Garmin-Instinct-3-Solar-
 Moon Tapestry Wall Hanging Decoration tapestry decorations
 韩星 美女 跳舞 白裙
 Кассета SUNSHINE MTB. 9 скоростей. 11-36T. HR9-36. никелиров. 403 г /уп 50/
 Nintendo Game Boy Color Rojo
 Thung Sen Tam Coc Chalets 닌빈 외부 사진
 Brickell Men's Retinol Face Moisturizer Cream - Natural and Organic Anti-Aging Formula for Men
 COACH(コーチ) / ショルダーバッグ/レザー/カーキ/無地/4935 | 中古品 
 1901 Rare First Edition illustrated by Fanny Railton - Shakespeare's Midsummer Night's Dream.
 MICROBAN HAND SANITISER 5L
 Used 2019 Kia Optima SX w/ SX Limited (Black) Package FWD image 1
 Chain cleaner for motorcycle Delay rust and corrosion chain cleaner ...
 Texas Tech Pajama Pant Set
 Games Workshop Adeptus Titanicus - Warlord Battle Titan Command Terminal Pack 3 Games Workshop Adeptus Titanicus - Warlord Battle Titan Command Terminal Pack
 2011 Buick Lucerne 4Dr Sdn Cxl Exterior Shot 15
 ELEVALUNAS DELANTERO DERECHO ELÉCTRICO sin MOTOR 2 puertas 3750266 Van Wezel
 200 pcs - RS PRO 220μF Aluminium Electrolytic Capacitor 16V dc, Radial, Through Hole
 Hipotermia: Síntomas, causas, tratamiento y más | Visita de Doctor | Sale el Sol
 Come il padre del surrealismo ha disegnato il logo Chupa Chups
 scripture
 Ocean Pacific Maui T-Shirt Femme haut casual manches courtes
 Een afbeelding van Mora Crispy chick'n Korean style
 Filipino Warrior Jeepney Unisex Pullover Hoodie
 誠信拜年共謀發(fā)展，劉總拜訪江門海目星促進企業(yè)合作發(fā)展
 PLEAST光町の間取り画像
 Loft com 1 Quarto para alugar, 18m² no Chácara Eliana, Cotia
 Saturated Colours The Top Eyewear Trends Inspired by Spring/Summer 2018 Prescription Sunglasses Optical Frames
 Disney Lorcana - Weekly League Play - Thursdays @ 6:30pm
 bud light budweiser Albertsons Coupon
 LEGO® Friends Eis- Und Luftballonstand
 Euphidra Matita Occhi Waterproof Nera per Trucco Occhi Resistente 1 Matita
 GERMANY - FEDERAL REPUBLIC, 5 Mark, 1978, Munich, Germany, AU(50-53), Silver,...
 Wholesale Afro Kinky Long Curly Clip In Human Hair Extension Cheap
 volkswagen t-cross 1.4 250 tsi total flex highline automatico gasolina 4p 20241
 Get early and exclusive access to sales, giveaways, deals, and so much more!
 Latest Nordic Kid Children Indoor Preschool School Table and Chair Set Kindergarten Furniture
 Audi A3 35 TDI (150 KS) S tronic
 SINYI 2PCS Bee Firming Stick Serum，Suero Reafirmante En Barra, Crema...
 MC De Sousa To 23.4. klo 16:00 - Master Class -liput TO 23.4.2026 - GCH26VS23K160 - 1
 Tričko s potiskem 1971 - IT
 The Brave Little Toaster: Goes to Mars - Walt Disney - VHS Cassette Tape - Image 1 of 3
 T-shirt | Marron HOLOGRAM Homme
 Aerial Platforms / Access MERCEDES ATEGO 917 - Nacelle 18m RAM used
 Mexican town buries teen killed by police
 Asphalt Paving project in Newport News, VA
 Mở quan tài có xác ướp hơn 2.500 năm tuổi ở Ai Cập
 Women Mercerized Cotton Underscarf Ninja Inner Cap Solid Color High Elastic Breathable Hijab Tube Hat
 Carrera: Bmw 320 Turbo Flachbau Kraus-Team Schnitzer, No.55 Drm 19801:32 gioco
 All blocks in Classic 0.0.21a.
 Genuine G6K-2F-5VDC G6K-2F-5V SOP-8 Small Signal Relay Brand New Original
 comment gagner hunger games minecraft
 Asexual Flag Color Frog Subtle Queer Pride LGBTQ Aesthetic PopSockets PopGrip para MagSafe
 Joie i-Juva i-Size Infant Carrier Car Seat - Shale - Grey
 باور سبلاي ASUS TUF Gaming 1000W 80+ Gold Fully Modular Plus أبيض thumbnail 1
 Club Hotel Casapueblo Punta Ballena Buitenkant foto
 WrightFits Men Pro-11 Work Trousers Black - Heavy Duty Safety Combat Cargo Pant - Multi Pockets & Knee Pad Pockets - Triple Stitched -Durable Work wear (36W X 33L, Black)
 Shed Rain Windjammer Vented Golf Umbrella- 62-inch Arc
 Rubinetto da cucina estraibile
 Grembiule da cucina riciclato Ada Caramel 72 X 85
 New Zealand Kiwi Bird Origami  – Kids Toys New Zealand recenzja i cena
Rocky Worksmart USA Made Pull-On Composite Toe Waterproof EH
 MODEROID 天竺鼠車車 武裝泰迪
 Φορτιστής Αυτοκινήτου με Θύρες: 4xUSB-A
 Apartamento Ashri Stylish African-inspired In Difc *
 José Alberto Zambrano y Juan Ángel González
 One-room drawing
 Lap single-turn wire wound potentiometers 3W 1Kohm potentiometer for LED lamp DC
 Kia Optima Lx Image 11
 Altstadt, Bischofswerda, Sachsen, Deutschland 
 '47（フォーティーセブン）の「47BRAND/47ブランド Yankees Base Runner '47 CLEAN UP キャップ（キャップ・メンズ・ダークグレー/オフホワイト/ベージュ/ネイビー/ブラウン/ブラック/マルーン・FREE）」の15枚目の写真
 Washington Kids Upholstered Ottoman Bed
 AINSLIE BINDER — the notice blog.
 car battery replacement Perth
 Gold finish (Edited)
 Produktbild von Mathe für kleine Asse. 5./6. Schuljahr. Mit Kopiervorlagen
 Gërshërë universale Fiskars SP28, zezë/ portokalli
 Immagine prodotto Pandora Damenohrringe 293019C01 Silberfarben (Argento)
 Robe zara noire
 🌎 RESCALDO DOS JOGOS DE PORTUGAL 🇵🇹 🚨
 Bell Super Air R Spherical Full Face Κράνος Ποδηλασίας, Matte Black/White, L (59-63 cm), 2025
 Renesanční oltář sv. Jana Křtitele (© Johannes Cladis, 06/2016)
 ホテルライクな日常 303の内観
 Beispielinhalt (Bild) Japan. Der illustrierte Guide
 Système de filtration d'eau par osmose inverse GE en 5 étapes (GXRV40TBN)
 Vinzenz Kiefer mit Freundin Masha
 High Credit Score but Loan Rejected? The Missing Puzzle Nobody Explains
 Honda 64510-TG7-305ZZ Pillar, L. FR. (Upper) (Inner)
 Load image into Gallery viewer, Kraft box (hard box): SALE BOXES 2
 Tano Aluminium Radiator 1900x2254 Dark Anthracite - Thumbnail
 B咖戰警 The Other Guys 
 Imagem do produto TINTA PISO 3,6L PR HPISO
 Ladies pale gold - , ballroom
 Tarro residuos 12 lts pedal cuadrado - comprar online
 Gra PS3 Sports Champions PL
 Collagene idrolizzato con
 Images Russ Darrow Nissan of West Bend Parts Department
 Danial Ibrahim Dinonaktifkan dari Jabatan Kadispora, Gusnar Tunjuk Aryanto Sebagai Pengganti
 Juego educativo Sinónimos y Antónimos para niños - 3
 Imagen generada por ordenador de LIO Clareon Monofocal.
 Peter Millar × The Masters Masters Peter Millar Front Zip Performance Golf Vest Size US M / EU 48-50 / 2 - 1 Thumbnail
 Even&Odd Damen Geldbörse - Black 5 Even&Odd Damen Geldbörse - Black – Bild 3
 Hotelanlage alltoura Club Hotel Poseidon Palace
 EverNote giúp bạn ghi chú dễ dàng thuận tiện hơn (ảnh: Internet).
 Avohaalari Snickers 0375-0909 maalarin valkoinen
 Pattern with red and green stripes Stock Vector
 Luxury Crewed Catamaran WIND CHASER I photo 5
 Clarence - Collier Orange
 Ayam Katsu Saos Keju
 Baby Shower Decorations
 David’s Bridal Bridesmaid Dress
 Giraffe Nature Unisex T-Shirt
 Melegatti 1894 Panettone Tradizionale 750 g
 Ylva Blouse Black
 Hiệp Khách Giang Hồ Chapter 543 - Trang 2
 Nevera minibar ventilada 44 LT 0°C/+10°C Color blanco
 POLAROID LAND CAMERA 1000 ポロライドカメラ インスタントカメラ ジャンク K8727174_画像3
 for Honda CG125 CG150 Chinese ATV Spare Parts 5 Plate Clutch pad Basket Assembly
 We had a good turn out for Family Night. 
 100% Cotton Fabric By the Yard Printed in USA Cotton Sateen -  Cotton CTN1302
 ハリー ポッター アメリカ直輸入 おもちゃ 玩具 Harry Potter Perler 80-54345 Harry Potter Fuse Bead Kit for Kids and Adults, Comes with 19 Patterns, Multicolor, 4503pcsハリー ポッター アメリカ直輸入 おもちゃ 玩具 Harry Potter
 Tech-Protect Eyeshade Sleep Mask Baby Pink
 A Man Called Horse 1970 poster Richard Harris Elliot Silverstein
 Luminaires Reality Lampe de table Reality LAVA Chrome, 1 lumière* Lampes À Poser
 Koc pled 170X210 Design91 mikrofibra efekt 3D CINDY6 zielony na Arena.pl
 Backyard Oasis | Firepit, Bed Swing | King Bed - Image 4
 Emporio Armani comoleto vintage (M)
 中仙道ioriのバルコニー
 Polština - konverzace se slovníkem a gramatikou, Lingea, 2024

[WHAT NEEDS TO BE DONE] Using the data above, transcribe the lines that run from the line with "comment gagner hunger games minecraft" to the line with "Club Hotel Casapueblo", both ends kept, and output nothing else.

[TASK RESPONSE]
 comment gagner hunger games minecraft
 Asexual Flag Color Frog Subtle Queer Pride LGBTQ Aesthetic PopSockets PopGrip para MagSafe
 Joie i-Juva i-Size Infant Carrier Car Seat - Shale - Grey
 باور سبلاي ASUS TUF Gaming 1000W 80+ Gold Fully Modular Plus أبيض thumbnail 1
 Club Hotel Casapueblo Punta Ballena Buitenkant foto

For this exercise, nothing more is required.